Although univariate analysis of our data showed work utilization ratio and occupancy rate to be significantly different between groups (and highest in group C), none of these parameters reached statistical significance in the multivariate analysis. There are several possible explanations for this: on one hand, our results could provide evidence that the inherent risk of the invasive procedures under study is more important than the increased nursing workload. On the other hand, it is very likely that the number of observations in the ICU-based linear regression analysis (n=18) was just too small to detect existing differences.

The question arises as to whether the increased severity-adjusted mortality in group C could be an artefact. SAPS II has been shown to lack prognostic accuracy when applied to populations other than the one from which it was derived [35, 36]. We have shown, however, that medical reasons for admission have a higher severity-adjusted mortality than surgical reasons for admission [18]. In our study, group B ICUs had a much higher incidence of medical admissions than did group C (Table 1). If case-mix differences influenced our O/E ratios, we would expect group B to have a higher severity-adjusted mortality than group C. Our data show exactly the opposite, which renders our results even more reliable.

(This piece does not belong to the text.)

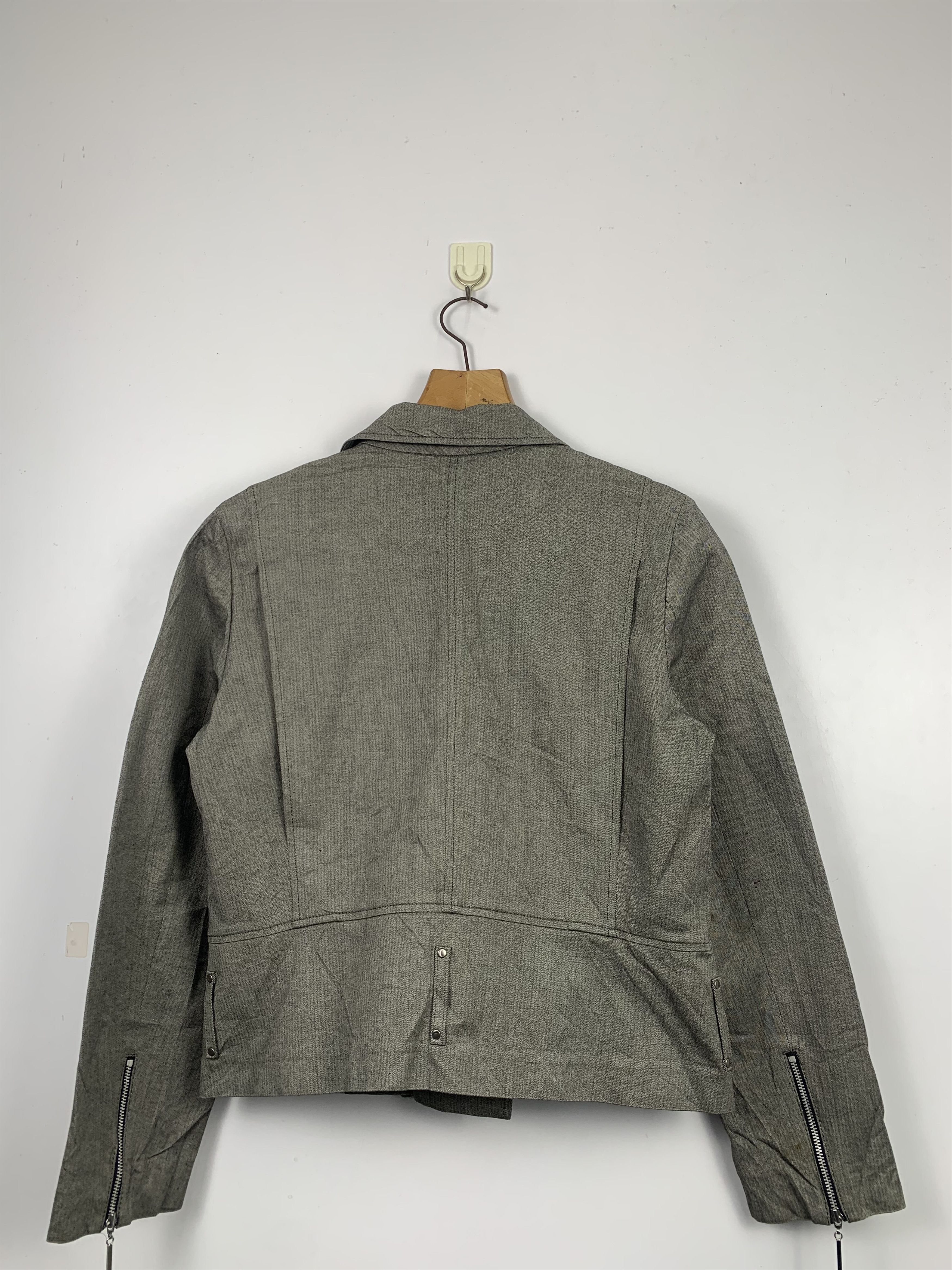 Japanese Brand Vintage KUMIKYIOKU Unique Zip Up Jackets J0374 Size US S / EU 44-46 / 1 - 8 Thumbnail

In addition, multivariate analysis allowed us to adjust for a majority of what constitutes case mix: we were able to rule out the influence of age, gender, severity of illness at admission and reason for admission. We can therefore virtually exclude the possibility that our results were influenced by differences in case mix of patients between the three groups. Of course, we cannot fully exclude the possibility that other confounding variables might have influenced the difference in O/E ratios between groups. Nevertheless, it is important that the (patient-based) association between interventions and outcome remained highly significant throughout all analyses. Our results thus provide strong evidence that this association was at least partly responsible for the increased risk-adjusted mortality in group C patients.

What can we learn from these findings? They can be viewed from both an individual and an epidemiological perspective. In an attempt to achieve the best outcome for their patients (individual perspective), physicians will often use a strategy to reduce the “maximum risk” as far as possible and therefore use available resources to whatever extent they think is necessary. In large hospitals, more resources are available and (until now) fewer restrictions have been applied, especially in the care of critically ill patients. As our results suggest (epidemiological perspective), such a strategy might, however, increase the “average risk” and thus there might be a level of invasive treatment beyond which the associated risks outweigh the benefits. We acknowledge, of course, that in everyday practice it is difficult to apply such statistically derived results to an individual patient. Nevertheless, when decisions about invasive treatments are to be made, intensivists should always consider both the possible benefits associated with an intervention and the associated risks. Although our results cannot be used to answer the question, “How much treatment is optimal?,” they should encourage practising intensivists to carefully consider the issues we have raised.